Reputation: 26315
I have a default dict which looks like this:
my_dict = default(dict, {"K": {"k": 2, "x": 1.0}, "S": {"_":1.0, "s":1}, "EH": {"e":1.0}})
The keys are phonemes, and values that are dictionaries themselves are graphemes which occur a certain amount of times, which are the respective numbers in the default dict.
The function should return another default dict containing the probabilities, which will look like this:
defaultdict(<class 'dict'>, {'EH': {'e': 1.0}, 'K': {'k': 0.6666666666666666, 'x': 0.3333333333333333}, 'S': {'_': 0.5, 's': 0.5}})
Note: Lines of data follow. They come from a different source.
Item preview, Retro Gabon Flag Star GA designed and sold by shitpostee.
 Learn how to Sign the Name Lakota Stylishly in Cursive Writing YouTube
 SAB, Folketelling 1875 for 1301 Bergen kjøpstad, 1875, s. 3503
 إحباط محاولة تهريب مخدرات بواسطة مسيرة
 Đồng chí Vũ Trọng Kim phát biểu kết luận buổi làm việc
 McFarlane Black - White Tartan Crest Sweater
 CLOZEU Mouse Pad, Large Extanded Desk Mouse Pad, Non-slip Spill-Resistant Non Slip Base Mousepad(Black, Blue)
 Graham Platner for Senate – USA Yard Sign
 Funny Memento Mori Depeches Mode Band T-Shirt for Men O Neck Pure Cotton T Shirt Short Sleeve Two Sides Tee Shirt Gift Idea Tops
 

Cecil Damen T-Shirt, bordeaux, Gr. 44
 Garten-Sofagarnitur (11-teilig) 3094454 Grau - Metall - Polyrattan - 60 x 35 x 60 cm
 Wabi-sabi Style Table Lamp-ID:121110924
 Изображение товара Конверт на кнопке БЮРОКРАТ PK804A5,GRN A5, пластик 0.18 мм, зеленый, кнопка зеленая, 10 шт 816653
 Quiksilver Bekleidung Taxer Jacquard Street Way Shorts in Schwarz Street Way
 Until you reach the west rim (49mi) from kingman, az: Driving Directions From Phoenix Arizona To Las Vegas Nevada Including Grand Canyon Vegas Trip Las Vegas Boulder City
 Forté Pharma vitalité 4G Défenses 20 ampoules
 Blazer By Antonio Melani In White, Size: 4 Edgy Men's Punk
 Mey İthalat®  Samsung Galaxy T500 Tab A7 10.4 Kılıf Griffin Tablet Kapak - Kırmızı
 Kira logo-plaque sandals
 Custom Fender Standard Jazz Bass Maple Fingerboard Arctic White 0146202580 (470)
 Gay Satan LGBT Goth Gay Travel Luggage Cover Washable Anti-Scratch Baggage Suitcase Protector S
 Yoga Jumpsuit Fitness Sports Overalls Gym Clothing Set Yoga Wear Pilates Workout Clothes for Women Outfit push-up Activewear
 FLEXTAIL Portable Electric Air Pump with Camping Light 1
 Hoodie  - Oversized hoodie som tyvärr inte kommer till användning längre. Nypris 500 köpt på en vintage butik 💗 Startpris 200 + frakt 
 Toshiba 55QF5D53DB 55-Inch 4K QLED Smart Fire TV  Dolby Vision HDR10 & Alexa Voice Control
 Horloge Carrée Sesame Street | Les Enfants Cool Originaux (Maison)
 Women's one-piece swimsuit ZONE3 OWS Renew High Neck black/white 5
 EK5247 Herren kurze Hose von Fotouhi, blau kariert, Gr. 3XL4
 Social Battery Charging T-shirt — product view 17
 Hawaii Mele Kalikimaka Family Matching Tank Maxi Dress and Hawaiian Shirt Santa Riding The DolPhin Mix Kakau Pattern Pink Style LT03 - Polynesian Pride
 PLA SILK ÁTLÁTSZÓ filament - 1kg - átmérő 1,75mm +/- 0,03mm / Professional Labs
'e' remains the same, as 1.0/1 = 1.0. 'K' has values of 0.66666 and 0.33333 because 2/3 = 0.66666 and 1/3 = 0.3333333. 'S' has values of 0.5 and 0.5, because 1/2=0.5 for each of them. The probabilities in the return dict must always sum to one.
so far I have this:
from collections import defaultdict
my_dict = default(dict, {"K": {"k": 2, "x": 1.0}, "S": {"_":1.0, "s":1}, "EH": {"e":1.0}})
def dict_probability(my_dict):
return_dict = defaultdict(dict)
for key, value in my_dict.items():
for k, v in values.items():
I would also like to make it work for default dict that looks like this:
dict_two = defaultdict(dict, {('EH', 't'): {'e': 2}, ('N', 'e'): {'ne': 1, 'n': 2}})
Which has keys that just have characters in them, I would like them to just be returned the same.
I'm just not sure how I should do this properly Any help would be appreciated.
I would also like to do this for everytime I call the function:
>>>my_dict = default(dict, {"K": {"k": 2, "x": 1.0}, "S": {"_":1.0, "s":1}, "EH": {"e":1.0}})
>>>dict_probability(my_dict)
>>>print(m_dict)
defaultdict(<class 'dict'>, {'EH': {'e': 1.0}, 'K': {'k': 0.6666666666666666, 'x': 0.3333333333333333}, 'S': {'_': 0.5, 's': 0.5}})
I would like the dict_probability function to return None also
Upvotes: 1
Views: 97
Reputation: 54163
You'll basically want to sum values, then divide by each subkey's individual values.
result = defaultdict(dict)
for bigkey, d in yourdict.values():
# bigkey="K", d={"k": 2, "x": 1.0}, ...
total = sum(d.values())
# d.values() == [2, 1.0]
for k,v in d.items():
# k="k", v=2, ...
result[bigkey][k] = v / total
# result["K"]["k"] = 3 / 2
This could be done all in one really ugly dict comp, if you have no regard for future programmers.
result = defaultdict(dict).update({bigkey: {k: v / sum(d.values()) for k,v in d.items()} for bigkey,d in yourdict.items()})
Upvotes: 1